_Dataset excerpt:_

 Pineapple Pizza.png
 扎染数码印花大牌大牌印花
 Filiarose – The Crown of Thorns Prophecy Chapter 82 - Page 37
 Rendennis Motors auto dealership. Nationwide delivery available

_What is expected:_ Return every line above exactly as it stands.

_Problem solution:_
 Pineapple Pizza.png
 扎染数码印花大牌大牌印花
 Filiarose – The Crown of Thorns Prophecy Chapter 82 - Page 37
 Rendennis Motors auto dealership. Nationwide delivery available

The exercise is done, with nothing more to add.